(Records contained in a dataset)
※
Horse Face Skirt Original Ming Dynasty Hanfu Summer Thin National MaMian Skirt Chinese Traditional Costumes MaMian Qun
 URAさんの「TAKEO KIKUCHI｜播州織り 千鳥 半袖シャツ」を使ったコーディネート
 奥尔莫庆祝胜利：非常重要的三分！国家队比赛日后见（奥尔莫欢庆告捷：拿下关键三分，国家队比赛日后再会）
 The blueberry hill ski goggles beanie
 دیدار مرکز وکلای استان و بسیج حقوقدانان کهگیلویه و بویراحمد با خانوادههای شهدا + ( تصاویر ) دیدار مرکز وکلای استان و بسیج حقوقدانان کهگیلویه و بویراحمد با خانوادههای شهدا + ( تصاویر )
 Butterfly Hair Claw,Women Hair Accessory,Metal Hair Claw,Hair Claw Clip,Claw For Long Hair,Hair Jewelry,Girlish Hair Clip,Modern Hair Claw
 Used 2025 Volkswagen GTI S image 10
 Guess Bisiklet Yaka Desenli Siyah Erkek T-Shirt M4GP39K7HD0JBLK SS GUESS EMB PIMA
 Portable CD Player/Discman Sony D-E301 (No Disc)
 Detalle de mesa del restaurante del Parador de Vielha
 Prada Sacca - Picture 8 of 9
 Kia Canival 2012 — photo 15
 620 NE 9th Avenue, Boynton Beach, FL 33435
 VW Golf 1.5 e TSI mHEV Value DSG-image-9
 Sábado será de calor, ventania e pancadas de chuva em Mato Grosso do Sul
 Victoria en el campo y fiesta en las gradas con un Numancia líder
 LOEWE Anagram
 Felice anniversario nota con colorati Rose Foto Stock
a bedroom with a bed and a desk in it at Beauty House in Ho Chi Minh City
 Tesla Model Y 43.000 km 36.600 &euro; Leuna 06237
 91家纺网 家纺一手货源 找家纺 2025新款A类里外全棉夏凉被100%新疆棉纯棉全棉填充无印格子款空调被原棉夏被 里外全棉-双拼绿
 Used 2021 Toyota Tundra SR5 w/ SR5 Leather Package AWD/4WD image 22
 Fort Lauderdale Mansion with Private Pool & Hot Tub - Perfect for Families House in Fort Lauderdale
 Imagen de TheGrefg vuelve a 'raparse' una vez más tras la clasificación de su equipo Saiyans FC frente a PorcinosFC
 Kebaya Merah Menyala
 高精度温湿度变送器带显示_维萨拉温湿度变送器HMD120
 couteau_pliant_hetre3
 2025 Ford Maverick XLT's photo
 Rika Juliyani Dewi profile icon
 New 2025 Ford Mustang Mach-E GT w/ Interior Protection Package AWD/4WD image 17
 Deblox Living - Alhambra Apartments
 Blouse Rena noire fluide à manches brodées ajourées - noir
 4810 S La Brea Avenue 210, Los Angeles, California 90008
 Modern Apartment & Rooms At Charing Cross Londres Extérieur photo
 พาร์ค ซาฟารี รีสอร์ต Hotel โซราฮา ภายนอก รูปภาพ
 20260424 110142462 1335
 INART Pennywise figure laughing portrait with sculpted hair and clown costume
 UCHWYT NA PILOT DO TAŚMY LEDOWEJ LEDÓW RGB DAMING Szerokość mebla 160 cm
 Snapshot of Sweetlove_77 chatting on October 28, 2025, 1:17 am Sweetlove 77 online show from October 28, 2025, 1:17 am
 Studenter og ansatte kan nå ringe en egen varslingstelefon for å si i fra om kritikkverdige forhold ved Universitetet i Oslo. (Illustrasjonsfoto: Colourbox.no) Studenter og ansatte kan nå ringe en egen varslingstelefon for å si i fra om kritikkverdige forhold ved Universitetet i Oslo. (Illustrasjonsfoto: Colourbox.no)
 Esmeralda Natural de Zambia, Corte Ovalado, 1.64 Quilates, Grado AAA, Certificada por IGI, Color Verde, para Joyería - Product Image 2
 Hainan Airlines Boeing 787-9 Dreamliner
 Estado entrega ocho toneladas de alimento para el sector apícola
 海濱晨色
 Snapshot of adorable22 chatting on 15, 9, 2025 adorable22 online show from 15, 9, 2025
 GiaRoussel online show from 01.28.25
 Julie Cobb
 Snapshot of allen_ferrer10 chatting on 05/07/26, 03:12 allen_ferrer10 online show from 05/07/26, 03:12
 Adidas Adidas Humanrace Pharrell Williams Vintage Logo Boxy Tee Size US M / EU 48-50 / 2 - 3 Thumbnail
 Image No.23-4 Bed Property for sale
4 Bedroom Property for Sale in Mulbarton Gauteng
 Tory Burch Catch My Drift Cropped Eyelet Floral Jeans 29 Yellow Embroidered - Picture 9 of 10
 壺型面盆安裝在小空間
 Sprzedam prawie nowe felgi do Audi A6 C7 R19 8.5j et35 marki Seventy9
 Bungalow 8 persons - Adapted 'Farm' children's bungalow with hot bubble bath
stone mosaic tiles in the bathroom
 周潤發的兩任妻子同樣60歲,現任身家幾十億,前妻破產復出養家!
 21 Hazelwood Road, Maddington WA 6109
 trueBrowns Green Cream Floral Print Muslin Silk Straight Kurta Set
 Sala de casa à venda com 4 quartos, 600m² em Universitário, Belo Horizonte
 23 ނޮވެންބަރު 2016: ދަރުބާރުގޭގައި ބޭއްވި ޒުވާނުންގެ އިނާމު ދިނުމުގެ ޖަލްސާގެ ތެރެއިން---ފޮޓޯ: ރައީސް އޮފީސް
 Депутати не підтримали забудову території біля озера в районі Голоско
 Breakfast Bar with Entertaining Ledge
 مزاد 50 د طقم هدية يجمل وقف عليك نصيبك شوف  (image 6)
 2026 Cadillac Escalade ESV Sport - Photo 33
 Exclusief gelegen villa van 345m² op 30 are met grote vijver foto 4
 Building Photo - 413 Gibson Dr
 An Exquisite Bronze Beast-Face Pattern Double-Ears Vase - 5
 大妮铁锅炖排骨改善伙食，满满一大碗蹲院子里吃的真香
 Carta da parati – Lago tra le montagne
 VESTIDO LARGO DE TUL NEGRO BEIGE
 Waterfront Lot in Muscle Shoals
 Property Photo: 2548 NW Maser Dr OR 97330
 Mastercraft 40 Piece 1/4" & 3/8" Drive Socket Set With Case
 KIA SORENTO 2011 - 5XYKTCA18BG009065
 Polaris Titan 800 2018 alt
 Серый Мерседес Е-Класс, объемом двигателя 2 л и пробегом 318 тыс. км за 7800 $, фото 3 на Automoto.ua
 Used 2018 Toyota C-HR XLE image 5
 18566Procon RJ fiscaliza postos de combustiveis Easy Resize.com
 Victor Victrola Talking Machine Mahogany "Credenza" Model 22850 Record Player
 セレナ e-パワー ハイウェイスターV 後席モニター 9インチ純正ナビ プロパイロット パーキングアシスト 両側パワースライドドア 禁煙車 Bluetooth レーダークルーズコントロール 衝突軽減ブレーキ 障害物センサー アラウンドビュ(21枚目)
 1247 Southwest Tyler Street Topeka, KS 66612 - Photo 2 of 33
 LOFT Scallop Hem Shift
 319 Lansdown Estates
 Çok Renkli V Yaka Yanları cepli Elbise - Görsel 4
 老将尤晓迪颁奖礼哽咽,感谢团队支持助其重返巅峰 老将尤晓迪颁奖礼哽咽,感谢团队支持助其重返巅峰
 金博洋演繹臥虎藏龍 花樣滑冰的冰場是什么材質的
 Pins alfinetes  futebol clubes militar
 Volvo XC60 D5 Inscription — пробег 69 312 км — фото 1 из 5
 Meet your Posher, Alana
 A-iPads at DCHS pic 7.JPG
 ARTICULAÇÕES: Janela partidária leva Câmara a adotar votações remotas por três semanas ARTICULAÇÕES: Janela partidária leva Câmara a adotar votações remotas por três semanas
※
### What you need to do
From the line that contains "319 Lansdown Estates" through the final line of the entries above, every line must be reproduced exactly and nothing more.

### Exercise answer
 319 Lansdown Estates
 Çok Renkli V Yaka Yanları cepli Elbise - Görsel 4
 老将尤晓迪颁奖礼哽咽,感谢团队支持助其重返巅峰 老将尤晓迪颁奖礼哽咽,感谢团队支持助其重返巅峰
 金博洋演繹臥虎藏龍 花樣滑冰的冰場是什么材質的
 Pins alfinetes  futebol clubes militar
 Volvo XC60 D5 Inscription — пробег 69 312 км — фото 1 из 5
 Meet your Posher, Alana
 A-iPads at DCHS pic 7.JPG
 ARTICULAÇÕES: Janela partidária leva Câmara a adotar votações remotas por três semanas ARTICULAÇÕES: Janela partidária leva Câmara a adotar votações remotas por três semanas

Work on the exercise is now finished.